Antwort der Grünen/Rosa Liste vom 07.11.2019
vielen Dank für Ihr Schreiben vom 1.10.2019, in dem Sie uns Ihre Bedenken zur Nachverdichtung in Fürstenried West mitteilen und sich nach unserer Haltung zu diesem Vorhaben der Bayerischen Versicherungskammer (BVK) erkundigen.
Der Stadtrat hat bei der Vorstellung des Wettbewerbsergebnisses im Mai 2017 lediglich eine Bauleitplanung verabschiedet und seitdem keine weiteren Beschlüsse mehr gefasst. Viele Details und Änderungen aufgrund der Stellungnahme des Bezirksausschusses werden dem Stadtrat erst in nächster Zeit vorgestellt. Vieles ist also noch nicht entschieden, einige Ihrer Fragen sind daher nur unter Vorbehalt zu beantworten.

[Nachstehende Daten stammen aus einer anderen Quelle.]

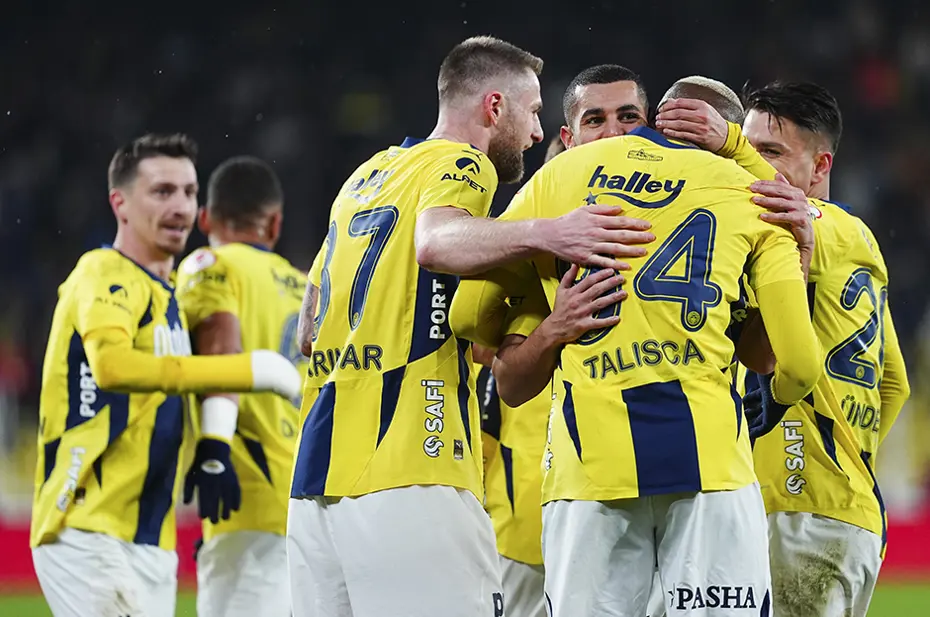"Böyle bir olaya ilk kez şahit oluyorum" | Spor yazarları Fenerbahçe için ne dedi? - 4 "Böyle bir olaya ilk kez şahit oluyorum" | Spor yazarları Fenerbahçe için ne dedi? - 4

Unser Fraktionsmitglied Stadtrat Paul Bickelbacher hat sich zuletzt am 17.7.2019 bei einem organisierten Spaziergang nochmal ein aktuelles Bild vor Ort gemacht und sich den Fragen der Anwesenden gestellt. Planungen für zusätzliche Bebauung müssen nach unserer Überzeugung auch die Interessen und Anliegen der Anwohner und Anwohnerinnen aufnehmen und berücksichtigen. Wir setzen uns daher dafür ein, Bürgerinnen und Bürger so früh wie möglich in die Planungsprozesse mit einzubinden.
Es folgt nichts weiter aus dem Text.